From the definition of $\theta$ , the number of rotations starting with $\mathtt{a}^{2}$ of $y_{k^{\prime}+1}$ is $f_{2k^{\prime}-1}\leavevmode\nobreak\ (=|F_{2k^{\prime}}|_{\mathtt{a}})$ . These rotations are the first $f_{2k^{\prime}-1}$ rotations in the lexicographically increasingly sorted list of all rotations of $y_{k^{\prime}+1}$ . By the definition of $y_{k}$ , the lexicographically smallest rotation is $\mathsf{rot}(y_{k^{\prime}})$ , and the preceding symbol of this rotation is $\mathtt{c}$ . The other rotations of this case are preceded by $\mathtt{b}$ . Hence, $\mathsf{BWT}(y_{k^{\prime}+1})[0..f_{2k^{\prime}-1}-1]=\mathtt{cb}^{f_{2k^{\prime}-1}-1}$ .

(ii)

Let $\mathsf{pos}$ be the set of positions in $y_{k^{\prime}+1}$ that are preceded by an occurrence of $\mathtt{ab}$ . From the definitions of $y_{k}$ and $\theta$ , every occurrence of $\mathtt{ab}$ in $y_{k^{\prime}+1}$ is a suffix of an occurrence of the substrings ( $\mathtt{aab}$ or $\mathtt{ab}$ ) produced from $\theta$ and an occurrence of $\mathtt{a}$ or $\mathtt{b}$ in $y_{k^{\prime}}$ . Therefore, we have $|\mathsf{pos}|=|y_{k^{\prime}}|-1=f_{2k^{\prime}}$ and if $\mathit{s}(i)$ denotes the position in $y_{k^{\prime}}$ that produces the corresponding symbol at position $i$ in $y_{k^{\prime}+1}$ by the morphism $\theta$ , then $\mathsf{rot}^{i}(y_{k^{\prime}+1})=\theta(\mathsf{rot}^{\mathit{s}(i)}(y_{k^{\prime}}))$ for any $i\in\mathsf{pos}$ . Thus, for any positions $i_{1},i_{2}\in\mathsf{pos}$ ,

$\displaystyle\mathsf{rot}^{i_{1}-2}(y_{k^{\prime}+1})<\mathsf{rot}^{i_{2}-2}(y_{k^{\prime}+1})$	$\displaystyle\iff\mathsf{rot}^{i_{1}}(y_{k^{\prime}+1})<\mathsf{rot}^{i_{2}}(y_{k^{\prime}+1})$
	$\displaystyle\iff\theta(\mathsf{rot}^{\mathit{s}(i_{1})}(y_{k^{\prime}}))<\theta(\mathsf{rot}^{\mathit{s}(i_{2})}(y_{k^{\prime}}))$
	$\displaystyle\iff\mathsf{rot}^{\mathit{s}(i_{1})}(y_{k^{\prime}})<\mathsf{rot}^{\mathit{s}(i_{2})}(y_{k^{\prime}}).$	(2)

where the last relation follows from the fact that $\theta$ is an order preserving morphism (i.e., $s<t\Leftrightarrow\theta(s)<\theta(t)$ holds for any $s,t$ ).
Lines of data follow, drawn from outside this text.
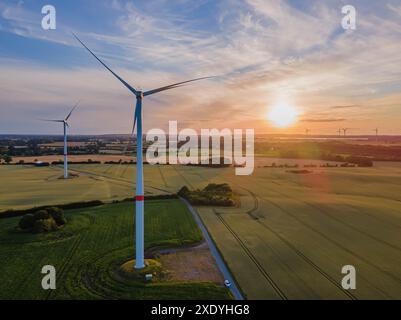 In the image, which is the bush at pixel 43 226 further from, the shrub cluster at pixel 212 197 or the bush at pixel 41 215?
the shrub cluster at pixel 212 197

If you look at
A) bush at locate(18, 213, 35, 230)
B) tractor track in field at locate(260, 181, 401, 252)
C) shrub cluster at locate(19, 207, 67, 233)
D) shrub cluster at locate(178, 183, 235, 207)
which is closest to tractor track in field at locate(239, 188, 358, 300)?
tractor track in field at locate(260, 181, 401, 252)

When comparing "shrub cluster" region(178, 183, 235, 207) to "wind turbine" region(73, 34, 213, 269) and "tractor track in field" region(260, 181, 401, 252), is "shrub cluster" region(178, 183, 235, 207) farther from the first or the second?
"wind turbine" region(73, 34, 213, 269)

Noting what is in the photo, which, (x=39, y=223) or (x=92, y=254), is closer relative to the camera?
(x=92, y=254)

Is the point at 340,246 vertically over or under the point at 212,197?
under

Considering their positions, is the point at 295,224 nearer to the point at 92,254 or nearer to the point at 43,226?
the point at 92,254

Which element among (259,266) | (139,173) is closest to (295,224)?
(259,266)

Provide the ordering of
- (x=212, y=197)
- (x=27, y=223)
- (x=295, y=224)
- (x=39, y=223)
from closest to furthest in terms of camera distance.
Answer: (x=39, y=223) < (x=27, y=223) < (x=295, y=224) < (x=212, y=197) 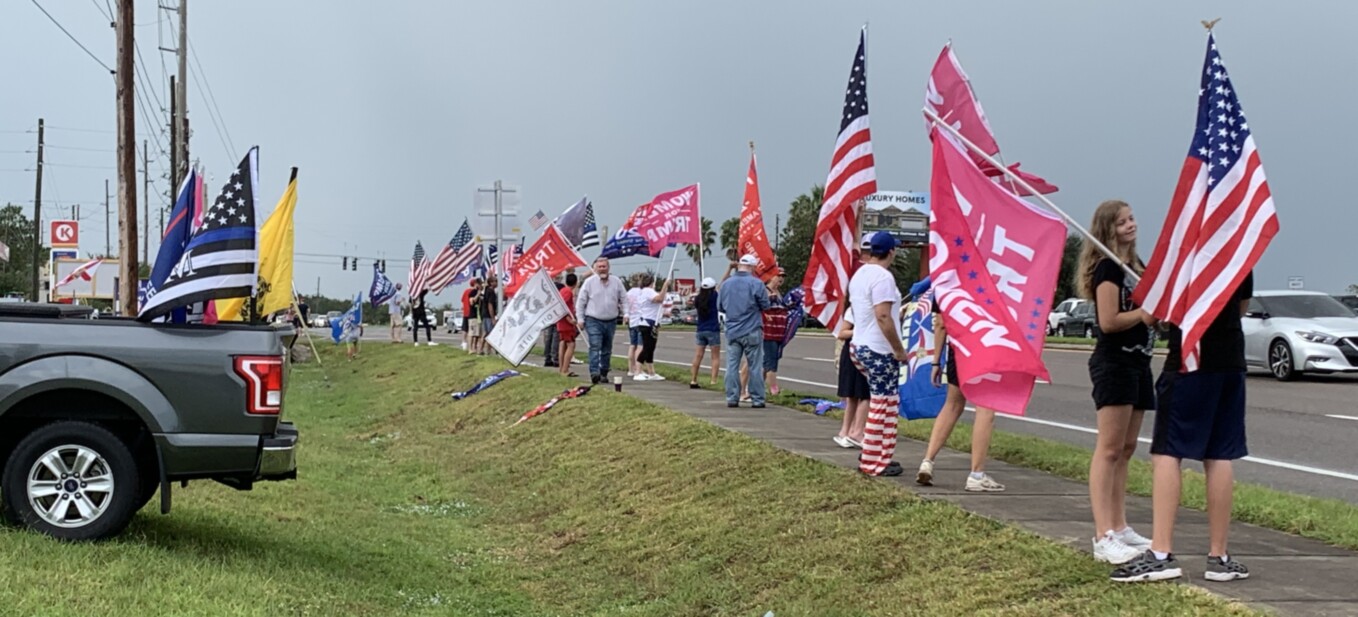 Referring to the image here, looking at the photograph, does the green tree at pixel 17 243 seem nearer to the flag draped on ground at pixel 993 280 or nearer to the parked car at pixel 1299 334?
the parked car at pixel 1299 334

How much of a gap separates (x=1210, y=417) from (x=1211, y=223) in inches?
34.4

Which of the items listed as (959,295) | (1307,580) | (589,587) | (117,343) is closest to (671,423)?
(589,587)

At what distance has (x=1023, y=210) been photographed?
6.56 meters

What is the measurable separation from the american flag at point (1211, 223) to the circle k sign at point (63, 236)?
2171 inches

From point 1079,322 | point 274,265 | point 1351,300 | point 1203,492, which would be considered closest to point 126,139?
point 274,265

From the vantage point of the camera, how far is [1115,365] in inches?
226

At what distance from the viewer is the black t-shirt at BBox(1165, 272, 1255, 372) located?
524cm

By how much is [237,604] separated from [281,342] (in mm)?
1682

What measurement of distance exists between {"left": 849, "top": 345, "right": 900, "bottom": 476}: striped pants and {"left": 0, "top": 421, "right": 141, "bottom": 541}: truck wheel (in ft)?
15.5

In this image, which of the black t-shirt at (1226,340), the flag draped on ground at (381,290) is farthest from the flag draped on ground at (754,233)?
the flag draped on ground at (381,290)

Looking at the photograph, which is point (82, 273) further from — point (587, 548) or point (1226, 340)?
point (1226, 340)

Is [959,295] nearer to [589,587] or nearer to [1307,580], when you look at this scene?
[1307,580]

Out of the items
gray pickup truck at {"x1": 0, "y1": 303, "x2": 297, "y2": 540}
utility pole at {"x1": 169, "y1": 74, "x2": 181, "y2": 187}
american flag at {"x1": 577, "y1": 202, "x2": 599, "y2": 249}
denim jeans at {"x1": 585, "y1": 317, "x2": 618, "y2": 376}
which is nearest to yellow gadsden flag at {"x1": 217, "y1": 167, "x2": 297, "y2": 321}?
gray pickup truck at {"x1": 0, "y1": 303, "x2": 297, "y2": 540}

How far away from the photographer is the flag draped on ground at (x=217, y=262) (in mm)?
6852
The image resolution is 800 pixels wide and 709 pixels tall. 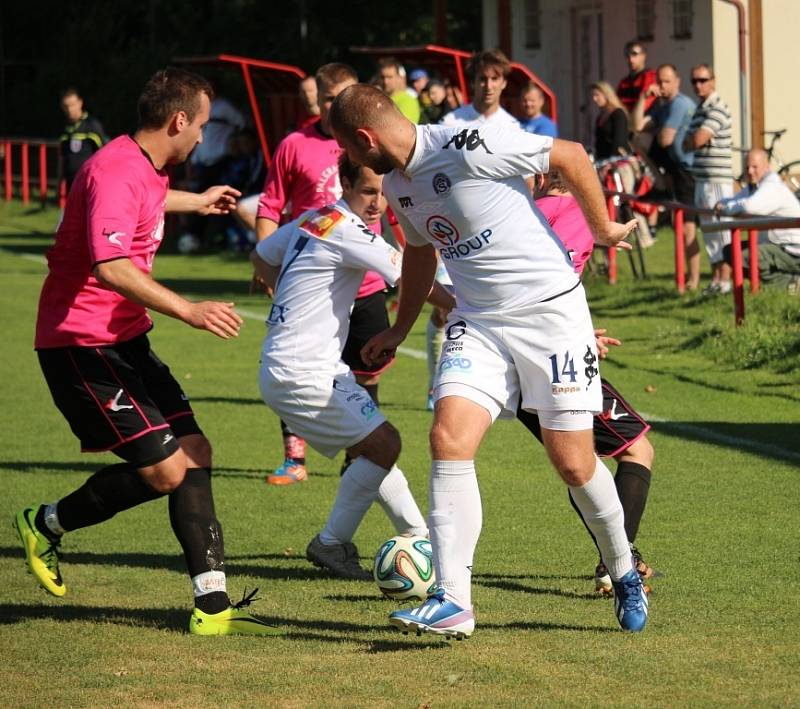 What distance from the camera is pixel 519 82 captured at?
1917 centimetres

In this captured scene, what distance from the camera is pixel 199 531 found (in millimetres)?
5840

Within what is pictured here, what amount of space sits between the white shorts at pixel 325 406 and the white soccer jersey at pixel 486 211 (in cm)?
126

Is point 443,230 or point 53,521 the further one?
point 53,521

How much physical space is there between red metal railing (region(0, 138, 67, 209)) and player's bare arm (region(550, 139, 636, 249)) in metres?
21.9

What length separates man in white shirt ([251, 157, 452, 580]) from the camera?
659cm

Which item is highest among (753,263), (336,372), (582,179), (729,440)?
(582,179)

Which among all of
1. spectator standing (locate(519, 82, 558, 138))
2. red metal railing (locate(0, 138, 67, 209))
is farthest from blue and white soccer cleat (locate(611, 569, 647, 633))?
red metal railing (locate(0, 138, 67, 209))

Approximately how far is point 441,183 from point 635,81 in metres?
14.7

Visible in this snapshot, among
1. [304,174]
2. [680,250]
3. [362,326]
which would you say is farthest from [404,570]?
[680,250]

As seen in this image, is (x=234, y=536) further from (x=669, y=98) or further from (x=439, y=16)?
(x=439, y=16)

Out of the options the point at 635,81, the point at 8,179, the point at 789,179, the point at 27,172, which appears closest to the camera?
the point at 789,179

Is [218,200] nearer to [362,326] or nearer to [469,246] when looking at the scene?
[469,246]

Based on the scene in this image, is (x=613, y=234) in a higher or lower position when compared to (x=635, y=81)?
lower

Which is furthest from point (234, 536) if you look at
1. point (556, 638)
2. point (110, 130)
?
point (110, 130) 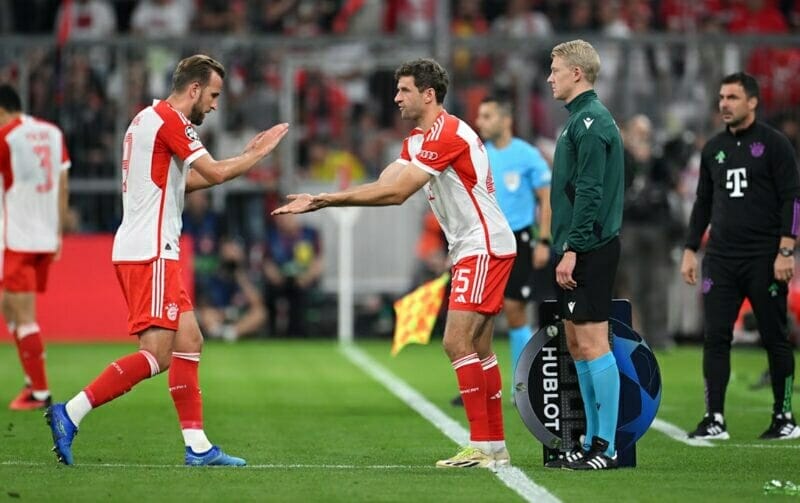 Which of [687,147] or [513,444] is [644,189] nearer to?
[687,147]

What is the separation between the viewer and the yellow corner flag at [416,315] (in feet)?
40.7

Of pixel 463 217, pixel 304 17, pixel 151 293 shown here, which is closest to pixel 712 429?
pixel 463 217

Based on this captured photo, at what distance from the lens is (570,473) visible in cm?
851

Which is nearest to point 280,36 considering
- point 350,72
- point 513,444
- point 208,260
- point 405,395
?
point 350,72

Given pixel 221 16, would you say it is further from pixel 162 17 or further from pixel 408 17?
pixel 408 17

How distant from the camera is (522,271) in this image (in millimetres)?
13023

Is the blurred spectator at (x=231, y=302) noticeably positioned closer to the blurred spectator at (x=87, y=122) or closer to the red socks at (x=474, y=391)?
the blurred spectator at (x=87, y=122)

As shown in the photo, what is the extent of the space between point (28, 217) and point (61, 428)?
14.4 feet

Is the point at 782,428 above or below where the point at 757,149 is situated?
below

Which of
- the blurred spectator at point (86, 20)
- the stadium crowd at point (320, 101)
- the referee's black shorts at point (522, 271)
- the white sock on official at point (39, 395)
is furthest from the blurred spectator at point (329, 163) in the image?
the white sock on official at point (39, 395)

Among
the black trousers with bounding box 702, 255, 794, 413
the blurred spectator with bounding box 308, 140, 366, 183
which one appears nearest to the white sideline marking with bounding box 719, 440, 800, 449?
the black trousers with bounding box 702, 255, 794, 413

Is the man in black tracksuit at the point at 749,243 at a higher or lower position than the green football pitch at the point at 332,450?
higher

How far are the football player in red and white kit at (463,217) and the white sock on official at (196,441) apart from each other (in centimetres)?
131

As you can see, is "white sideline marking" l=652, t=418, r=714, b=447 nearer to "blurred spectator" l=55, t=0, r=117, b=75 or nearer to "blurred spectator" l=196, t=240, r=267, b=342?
"blurred spectator" l=196, t=240, r=267, b=342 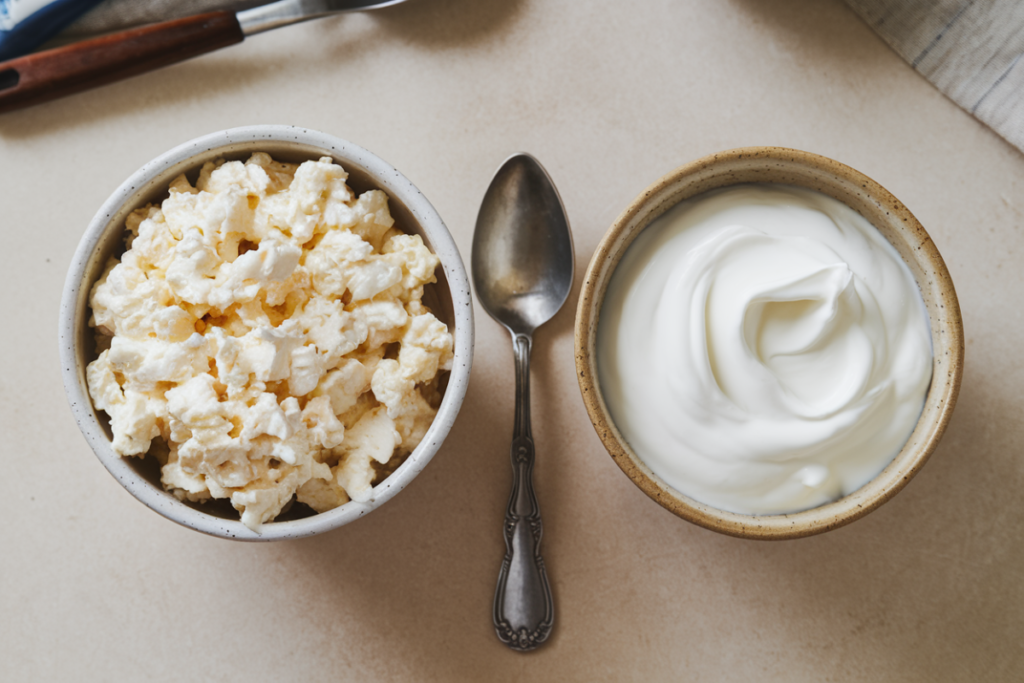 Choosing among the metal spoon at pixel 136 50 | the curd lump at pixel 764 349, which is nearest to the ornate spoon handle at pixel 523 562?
the curd lump at pixel 764 349

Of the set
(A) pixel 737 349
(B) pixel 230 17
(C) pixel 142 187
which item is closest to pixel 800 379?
(A) pixel 737 349

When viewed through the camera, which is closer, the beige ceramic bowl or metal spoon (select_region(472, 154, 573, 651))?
the beige ceramic bowl

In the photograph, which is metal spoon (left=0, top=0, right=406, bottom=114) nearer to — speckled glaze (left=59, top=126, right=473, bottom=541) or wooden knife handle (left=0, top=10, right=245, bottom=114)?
wooden knife handle (left=0, top=10, right=245, bottom=114)

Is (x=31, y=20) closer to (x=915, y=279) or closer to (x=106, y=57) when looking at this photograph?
(x=106, y=57)

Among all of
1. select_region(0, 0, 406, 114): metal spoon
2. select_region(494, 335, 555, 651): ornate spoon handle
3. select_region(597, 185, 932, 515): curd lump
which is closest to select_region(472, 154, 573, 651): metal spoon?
select_region(494, 335, 555, 651): ornate spoon handle

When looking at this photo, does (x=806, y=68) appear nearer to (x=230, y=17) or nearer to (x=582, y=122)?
(x=582, y=122)

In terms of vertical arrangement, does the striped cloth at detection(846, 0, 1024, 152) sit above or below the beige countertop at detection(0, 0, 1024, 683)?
above

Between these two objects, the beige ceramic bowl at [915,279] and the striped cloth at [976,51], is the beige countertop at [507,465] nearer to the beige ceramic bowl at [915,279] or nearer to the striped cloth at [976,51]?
the striped cloth at [976,51] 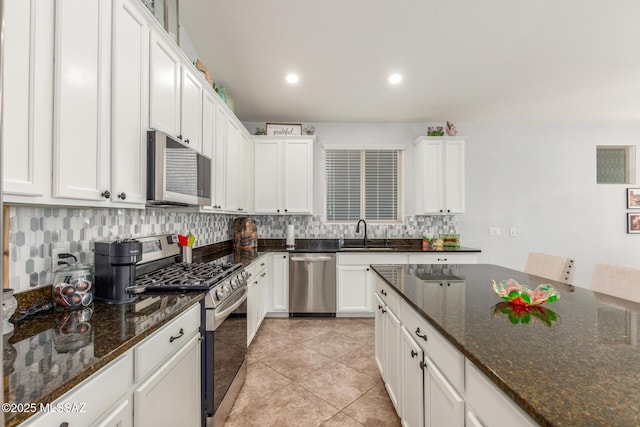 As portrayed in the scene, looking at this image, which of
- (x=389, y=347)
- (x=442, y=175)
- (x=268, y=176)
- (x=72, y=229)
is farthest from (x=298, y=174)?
(x=72, y=229)

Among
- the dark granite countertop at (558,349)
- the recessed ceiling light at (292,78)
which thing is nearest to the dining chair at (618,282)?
the dark granite countertop at (558,349)

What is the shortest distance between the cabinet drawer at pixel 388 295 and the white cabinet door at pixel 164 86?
5.46 ft

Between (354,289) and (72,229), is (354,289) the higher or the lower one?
the lower one

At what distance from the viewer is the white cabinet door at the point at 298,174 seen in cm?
404

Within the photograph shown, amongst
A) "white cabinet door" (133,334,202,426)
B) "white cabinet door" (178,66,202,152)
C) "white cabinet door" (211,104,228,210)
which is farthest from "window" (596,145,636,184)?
"white cabinet door" (133,334,202,426)

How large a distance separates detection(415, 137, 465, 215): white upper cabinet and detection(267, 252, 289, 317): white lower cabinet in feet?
6.67

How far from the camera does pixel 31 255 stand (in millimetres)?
1277

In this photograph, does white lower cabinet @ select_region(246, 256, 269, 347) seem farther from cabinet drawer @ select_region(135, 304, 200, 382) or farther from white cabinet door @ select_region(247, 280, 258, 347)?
cabinet drawer @ select_region(135, 304, 200, 382)

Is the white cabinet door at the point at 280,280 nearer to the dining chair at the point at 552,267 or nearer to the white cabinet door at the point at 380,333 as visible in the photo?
the white cabinet door at the point at 380,333

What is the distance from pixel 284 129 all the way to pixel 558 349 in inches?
148

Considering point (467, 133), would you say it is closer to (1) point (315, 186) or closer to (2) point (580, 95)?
(2) point (580, 95)

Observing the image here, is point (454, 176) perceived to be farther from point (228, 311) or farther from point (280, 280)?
point (228, 311)

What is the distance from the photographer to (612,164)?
4.56m

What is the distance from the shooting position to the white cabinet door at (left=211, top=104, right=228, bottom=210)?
2740mm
We can also see that for any $i\in\mathsf{pos}$ , the symbol $y_{k^{\prime}+1}[i-3]$ preceding the occurrence of $\mathtt{ab}$ is $\mathtt{a}$ (resp. $\mathtt{b}$ ) iff $y_{k^{\prime}}[\mathit{s}(i)-1]$ is $\mathtt{a}$ (resp. $\mathtt{b}$ ). Thus, together with Equation 2, the sequence of entries in $\mathsf{BWT}(y_{k^{\prime}+1})$ corresponding to rotations that start with $\mathtt{ab}$ are equivalent to the sequence of entries in $\mathsf{BWT}(y_{k^{\prime}})$ for rotations that start with $\mathtt{a}$ or $\mathtt{b}$ , i.e., $\mathsf{BWT}(y_{k^{\prime}+1})[f_{2k^{\prime}-1}..f_{2k^{\prime}+1}-1]=\mathsf{BWT}(y_{k^{\prime}})[1..f_{2k^{\prime}}]=\mathtt{b}^{f_{2k^{\prime}-2}-k^{\prime}}\prod_{j=1}^{k^{\prime}}(\mathtt{a}^{f_{2j-2}}\mathtt{b})$ . See also Figure 1.

(iii)

From the definition of $\theta$ , the number of rotations starting with $\mathtt{b}$ in $y_{k^{\prime}+1}$ is $f_{2k^{\prime}}$ , and the lexicographically largest rotation is $y_{k^{\prime}+1}$ itself. These rotations are the last $f_{2k^{\prime}}+1$ rotations in the lexicographically increasingly sorted list of all rotations of $y_{k^{\prime}+1}$ . The preceding symbol of the largest rotation, or equivalently, the last symbol of $y_{k}$ is $\mathtt{b}$ . All rotations starting with $\mathtt{b}$ are preceded by $\mathtt{a}$ . Hence, $\mathsf{BWT}(y_{k^{\prime}+1})[f_{2k^{\prime}+1}..f_{2k^{\prime}+2}]=\mathtt{a}^{f_{2k^{\prime}}}\mathtt{b}$ .

All together, we have

	$\displaystyle\mathsf{BWT}(y_{k^{\prime}+1})$	$\displaystyle=\overbrace{\mathtt{cb}^{f_{2k^{\prime}-1}-1}\vphantom{\prod_{j}^{k^{\prime}}]}}^{\mathsf{(i)}}\cdot\overbrace{\mathtt{b}^{f_{2k^{\prime}-2}-k^{\prime}}\prod_{j=1}^{k^{\prime}}(\mathtt{a}^{f_{2j-2}}\mathtt{b})}^{\mathsf{(ii)}}\cdot\overbrace{\mathtt{a}^{f_{2k^{\prime}}}\mathtt{b}\vphantom{\prod_{j}^{k^{\prime}}]}}^{\mathsf{(iii)}}$
		$\displaystyle=\mathtt{c}\mathtt{b}^{f_{2k^{\prime}}-(k^{\prime}+1)}\prod_{j=1}^{k^{\prime}+1}(\mathtt{a}^{f_{2j-2}}\mathtt{b})$

and the statement holds for $k=k^{\prime}+1$ , proving Equation 1. Therefore, $r(y_{k})=2k+2$ . We note that Equation 1 holds for $k=2$ , but since $f_{2k-2}-2=0$ , $r(y_{2})=5$ .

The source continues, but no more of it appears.